Below this line are records; write out exactly the lines from the one containing "Luxury black geometric" through the one containing "Nutty Chocolate Chip Cookies", with the pictures left out.

BEGIN GIVEN RECORDS

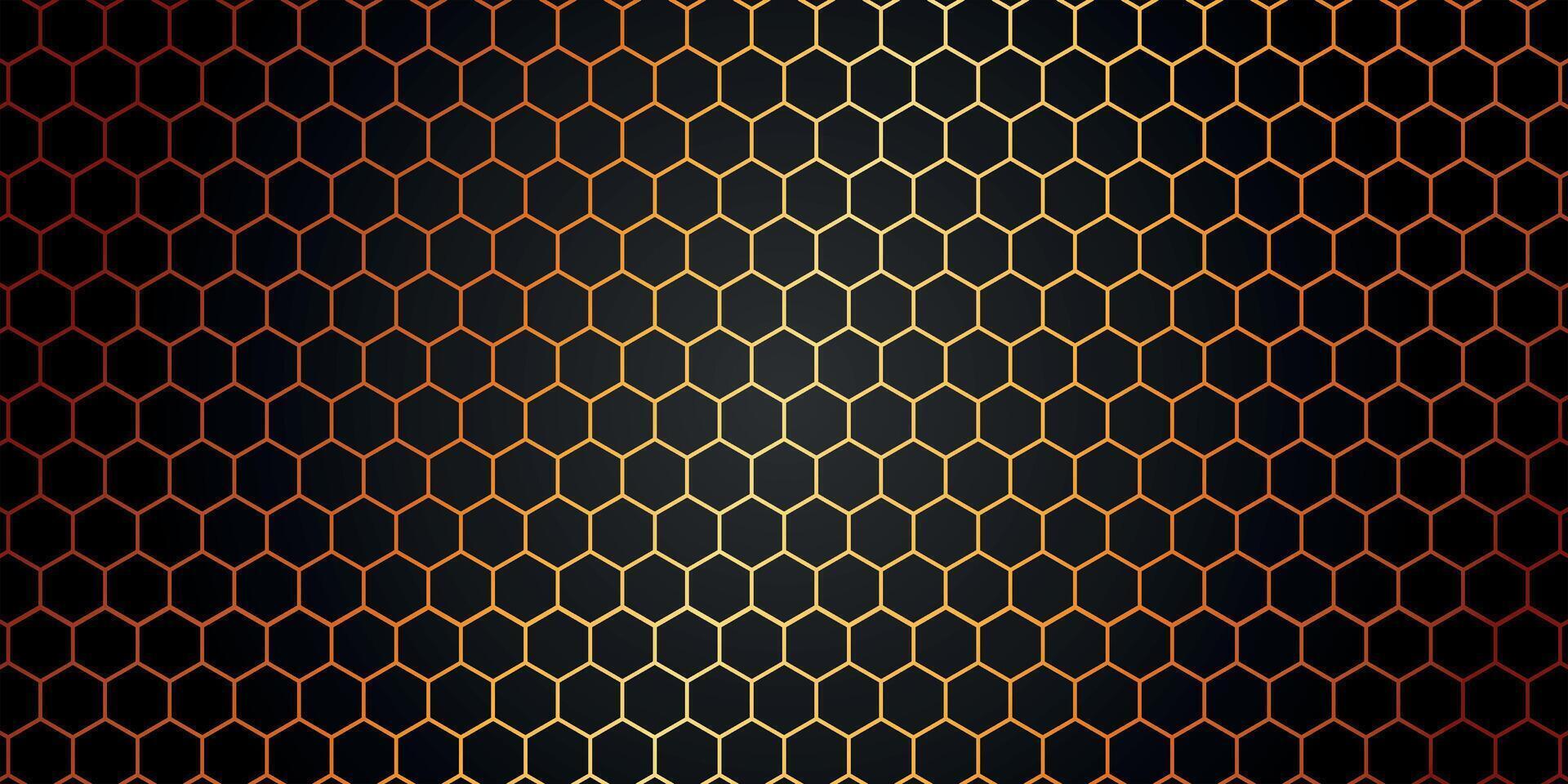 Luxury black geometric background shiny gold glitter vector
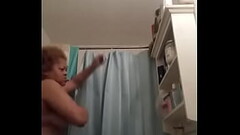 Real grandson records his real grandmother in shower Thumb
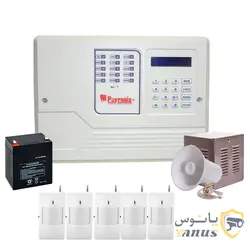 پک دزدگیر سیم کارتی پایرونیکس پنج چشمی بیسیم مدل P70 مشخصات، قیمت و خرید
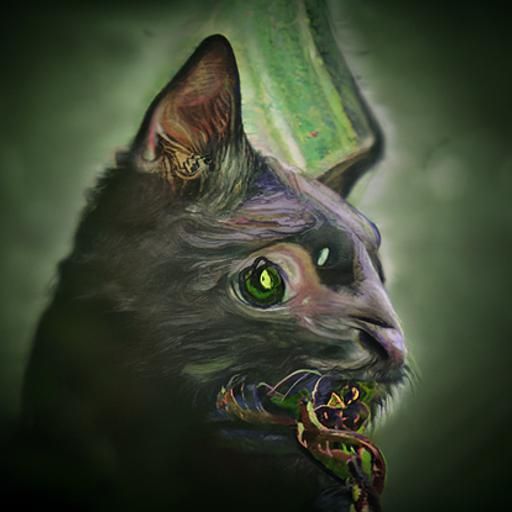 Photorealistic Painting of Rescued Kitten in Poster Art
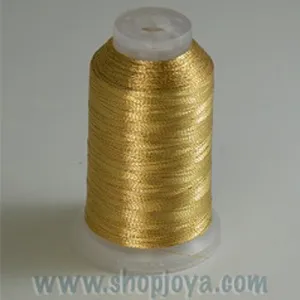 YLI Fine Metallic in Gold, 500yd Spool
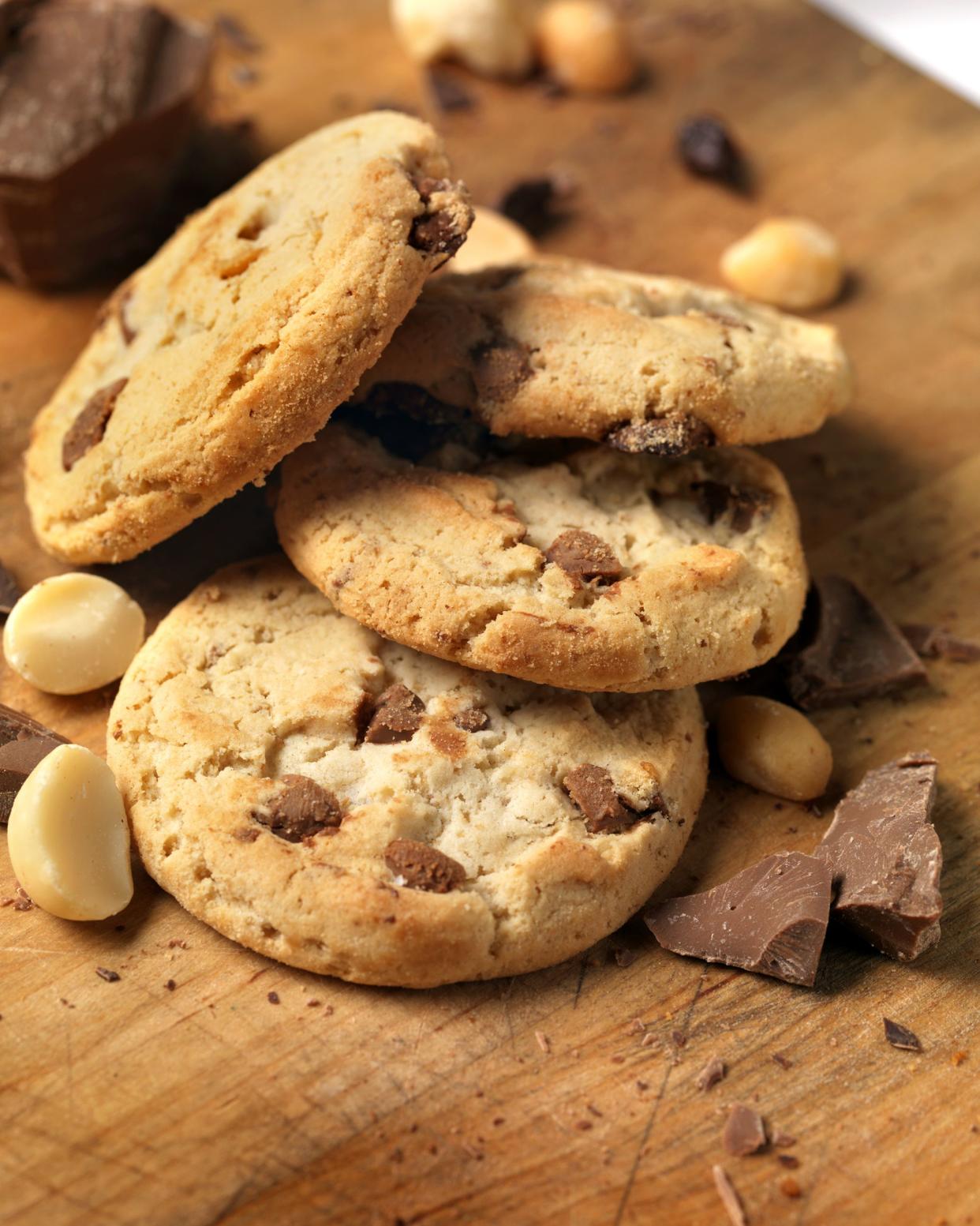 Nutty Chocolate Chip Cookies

END GIVEN RECORDS
BEGIN GIVEN RECORDS

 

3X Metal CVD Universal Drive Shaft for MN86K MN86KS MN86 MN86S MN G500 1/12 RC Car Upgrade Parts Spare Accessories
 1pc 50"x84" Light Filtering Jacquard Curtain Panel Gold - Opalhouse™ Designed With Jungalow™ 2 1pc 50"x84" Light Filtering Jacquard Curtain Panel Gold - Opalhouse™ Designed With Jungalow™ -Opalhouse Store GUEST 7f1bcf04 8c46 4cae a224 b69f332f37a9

END GIVEN RECORDS

TASK SOLUTION ::
 Luxury black geometric background shiny gold glitter vector
 Real grandson records his real grandmother in shower Thumb
 پک دزدگیر سیم کارتی پایرونیکس پنج چشمی بیسیم مدل P70 مشخصات، قیمت و خرید
 Photorealistic Painting of Rescued Kitten in Poster Art
 YLI Fine Metallic in Gold, 500yd Spool
 Nutty Chocolate Chip Cookies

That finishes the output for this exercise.